Recém- licenciados já devem 1,4 milhões de euros aos bancos

Recém- licenciados já devem 1,4 milhões de euros aos bancos Para alguns é a única forma de financiarem o curso.

Financiamentos totais ascendem aos 180 milhões de euros.

“Há pessoas que dizem que a universidade não é para todos. Eu meti na cabeça que era.” Por isso, para ir estudar para Lisboa, a madeirense Andreia Jesus pediu um empréstimo ao banco. Vinte e cinco mil euros que terá de começar a pagar quando acabar o curso. Consciente de que Antropologia não é uma área fácil para arranjar emprego, confessa- se “assustada”. Ainda mais porque tem o exemplo da prima, que continua desempregada, dois anos depois de terminar a licenciatura, e que teve de pedir ajuda à mãe para não falhar as prestações. Mas há jovens – e famílias – que já não conseguem pagar. Serão perto de duas centenas e devem 1,4 milhões de euros à banca.

 
Os dados são da Sociedade Portuguesa de Garantia Mútua ( SPGM), que gere o sistema que permite aos estudantes pedirem empréstimos aos bancos tendo o Estado como fiador – e com uma taxa de juro reduzida. Desde que esta linha foi lançada, no ano letivo 2007/ 2008, já houve quase 16 mil alunos a pedir crédito, recebendo um total que ronda os 180 milhões.

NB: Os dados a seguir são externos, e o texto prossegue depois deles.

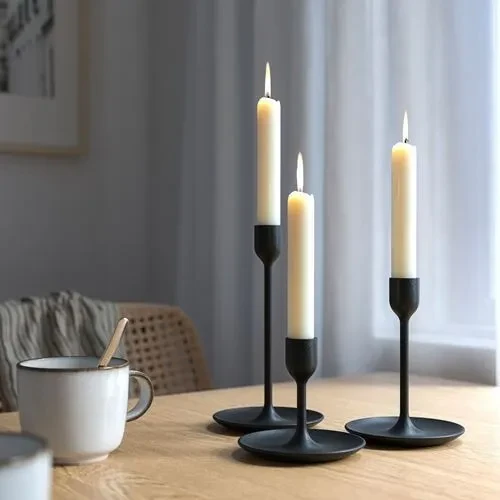 IKEA Fulltalıg Dekoratif Şamdan Mumluk 3 Adet Siyah - Resim 2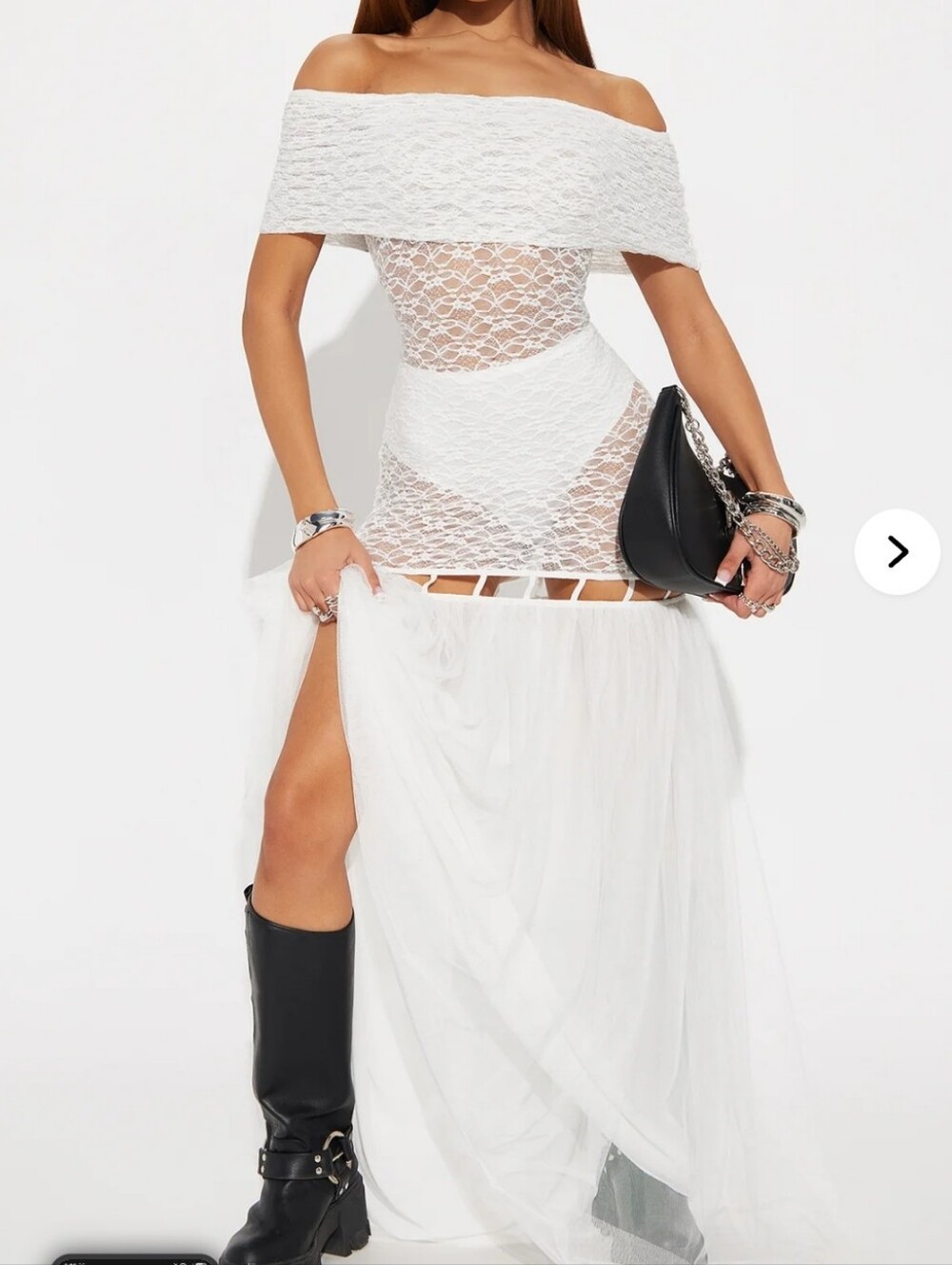 Fashion Nova White Off-Shoulder Lace Maxi Skirt Dress with Sheer Panels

Como este sistema requer que os estudantes comecem a pagar 12 meses após acabarem o curso, as dificuldades notam- se sobretudo nos “pioneiros”, os que fizeram empréstimos no primeiro ano: a taxa de incumprimento era de 2,2% em novembro e subiu para 2,4% em dezembro. Entre os que pediram crédito no ano letivo 2008/ 09, passou o 1% no final do ano. “Só agora é que os primeiros acabaram os cursos e estão a começar a amortizar as dívidas. O incumprimento não é dramático, mas está a crescer muito”, diz o presidente da SPGM, José Fernando Figueiredo.
Com um em cada três jovens com menos de 25 anos no desemprego, nem os licenciados escapam à crise – há mais de 40 mil inscritos nos centros de emprego. Assim, a lógica deste sistema fica ameaçada, já que muitos estudantes não conseguem entrar no mercado de trabalho logo após concluírem o curso. Nestes casos, ou pedem dinheiro aos pais ou pedem a reestruturação da dívida. “Ainda ontem tratámos da reestruturação da dívida de um estudante. Não sendo um drama, é um problema que vamos ter de acompanhar”, reconhece o responsável. Na pior das hipóteses, os incumpridores vão parar à lista de devedores do Banco de Portugal.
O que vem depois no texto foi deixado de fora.